In MJ's defense, MJv6 (c. January 2024) is considerably better at text, and you could probably get that question-mark now with some prompting & maybe region-inpainting.


article about a related app - that some guy created in 30 mins to allow people to "pet" virtual animals: https://www.theguardian.com/games/2024/feb/15/stroke-of-geni...


What do you use to create the graphs?


https://pixijs.com/ and https://gsap.com/. All of the source code for my posts can be found at https://github.com/samwho/visualisations :)


Thanks to the author for all the hard work. Its easy to consume and understand for beginners too.


This is really reassuring to hear, thank you!

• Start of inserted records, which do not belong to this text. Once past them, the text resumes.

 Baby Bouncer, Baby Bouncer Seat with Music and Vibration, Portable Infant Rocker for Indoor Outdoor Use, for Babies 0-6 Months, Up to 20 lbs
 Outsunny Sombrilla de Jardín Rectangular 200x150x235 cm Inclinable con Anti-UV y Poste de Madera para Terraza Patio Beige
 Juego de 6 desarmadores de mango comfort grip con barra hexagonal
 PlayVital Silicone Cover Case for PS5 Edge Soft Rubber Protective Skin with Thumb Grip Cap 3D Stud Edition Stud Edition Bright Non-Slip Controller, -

I make sure my posts are reviewed by people with a range of experience and familiarity, without them the posts wouldn't be as accessible as they are. I'm glad this is working. :)


Hey Sam, how did you create the charts with the slider? I really like those!

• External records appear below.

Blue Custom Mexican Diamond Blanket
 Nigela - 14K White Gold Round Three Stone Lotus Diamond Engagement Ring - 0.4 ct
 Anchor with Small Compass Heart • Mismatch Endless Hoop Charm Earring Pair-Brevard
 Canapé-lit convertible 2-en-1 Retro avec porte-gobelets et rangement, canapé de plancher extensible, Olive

They’re also using PixiJS. The code for them is here: https://github.com/samwho/visualisations/blob/main/bloom-fil...

Glad you like them, they were hard to get right :D


I remember discussing bloom and cuckoo filters a while back and someone linked.to.great papers from late 2010s with much more advanced probabilistic structures that were handling modification much better or had other interesting properties. Anyone here knows where to look for these? I didn't take notes...


Not sure, but I recently came across xorsat filters (https://eecs.ceas.uc.edu/~weaversa/XORSATFilters.pdf). It's not a great replacement for bloom filters in many use cases because they are not modifiable but have some other interesting properties:

1. They are very close to the information theoretic minimum needed to encode the information so are more space-efficient than bloom filters or cuckoo filters.

2. They have a natural way to store metadata (at the cost of additional space of course) so you can associate a few bits of metadata with each set bit at pretty reasonable space cost.


Interesting! 2 makes me wonder if it could work as a very bad but space efficient key-value store ;D


Maybe quotient filters?


Yes, that's one of the bloom successors I was looking for. Thanks.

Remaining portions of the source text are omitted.